Data residency made easy

ioFABRIC offers a solution to complex storage problems

Where does your data live? For most organizations, data locality is as simple as making sure that the data is close to where it is being used. For some, data locality must also factor in geographical location and/or legal description. Regardless of the scope, data locality is a real world concern to an increasing number of organizations.

If this is the first time you are encountering the term data locality you are likely asking yourself – quite reasonably – “do I care?” and “should I care?” For a lot of smaller organizations that don’t use public cloud computing or storage, the answer is likely no.

Smaller organizations using on-premises IT likely aren’t using storage at scale or doing anything particularly fancy. By default, the storage small IT shops use lives with the workload that uses it. So far so good… except the number of organizations that fall into this category is shrinking rapidly.

It is increasingly hard to find someone not using public cloud computing to some extent. Individuals as well as organizations use it for everything from hosted email to Dropbox-like storage to line-of-business applications and more. For the individual, cost and convenience are usually the only considerations. Things get murkier for organizations.

The murky legal stuff

Whether you run a business, government department, not-for-profit, or other type of organization, at some point you take in customer data. This data can be as simple as name, phone number, and address. It could also be confidential information shared between business partners, credit card information, or other sensitive data.

Most organizations in most jurisdictions have a legal duty of care towards customers that requires their data be protected. Some jurisdictions are laxer than others, and some are more stringent with their requirements based on the type of data involved.

Of increasing concern is where that data lives. If it is on your own network, is it adequately defended? Can you prove that? If you chose a public cloud provider, can you prove that provider is adequately secure? Can you prove the government to which they are beholden respects data laws in your jurisdiction, or has equivalent laws? Are you allowed to transfer that data to a third party? Can you transfer that data to a third party in any country, or only some?

For some data types it is possible to handle these issues on a case-by-case basis. For example, if your business workflows are primarily driven by e-mail, and you are worried about the legalities of hosted e-mail, you can choose a provider in your jurisdiction that meets relevant data protection certifications.

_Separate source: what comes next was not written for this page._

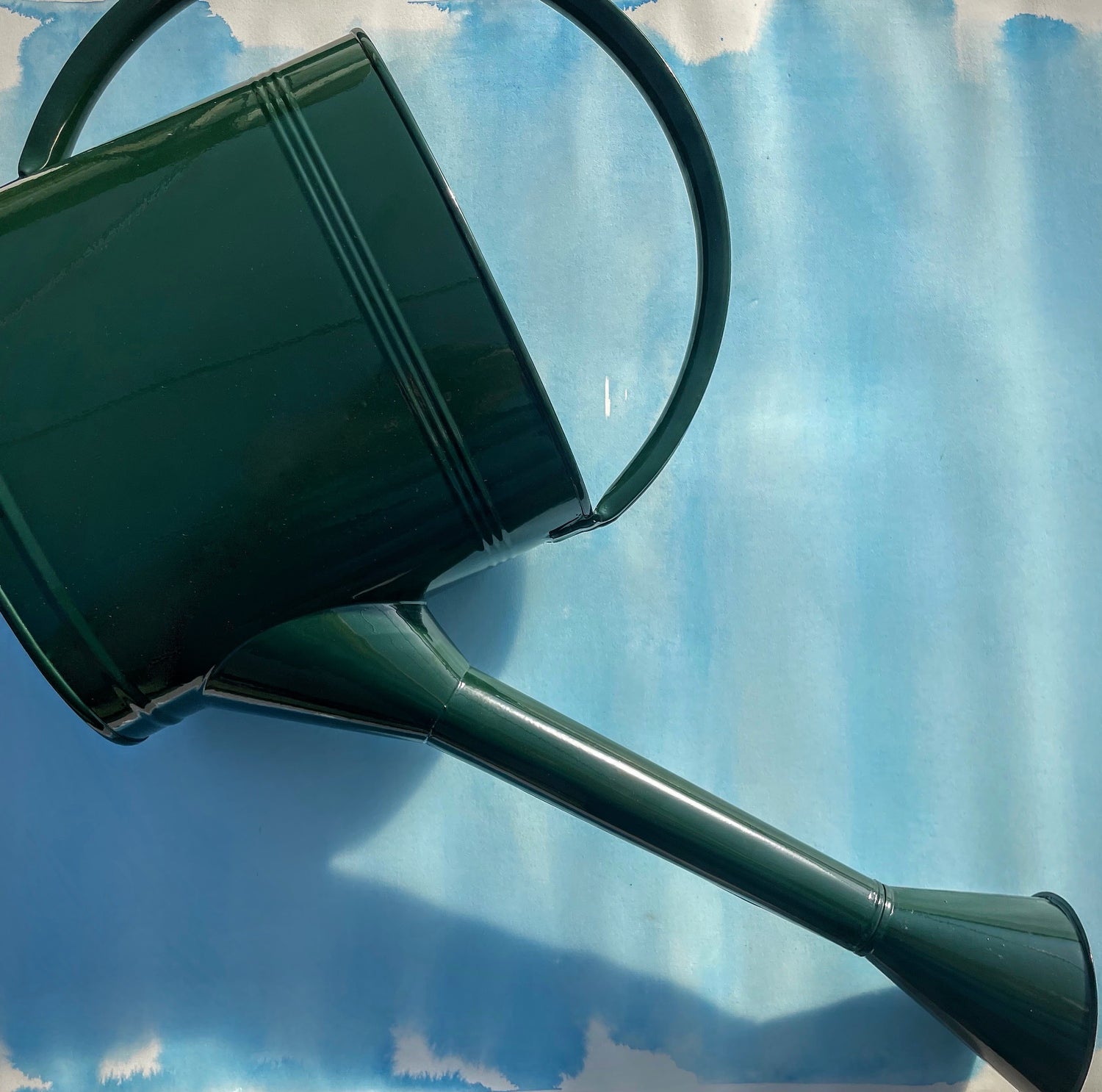 Steel Waterfall Watering Can - Green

When we start talking about Dropbox-like storage, public cloud workloads, online backups, disaster recovery, long-term archival storage and so forth, however, this can become monstrously difficult to manage.

Part of the problem is the limited number of suppliers. Part of the problem is that you are not only dealing with one application, you’re frequently dealing with copies of data, varying levels of encryption, and an ever increasing number of departments and users wanting to use storage of various types for various purposes.

What’s needed is a storage solution that provides systems administrators with a single view of all of an organization’s data under management. One that lets the systems administrators decide where data lives based on various metrics ranging from performance to regulatory concerns.

Ideally, this solution would make adding new storage simple. Just buy new storage and put it in your datacenter. Alternately, increase the amount of storage available on the various public storage accounts you control. The easier it is to provision and manage storage, the less likely it will be that people work around the system and thus the easier it is to keep all the data where it legally should be.

Performance

In addition to the legal considerations, data locality has a role to play in performance. If you read the tech press you’d be excused for thinking that storage is free and/or that everyone has unlimited budgets for everything from all flash arrays to public cloud instances.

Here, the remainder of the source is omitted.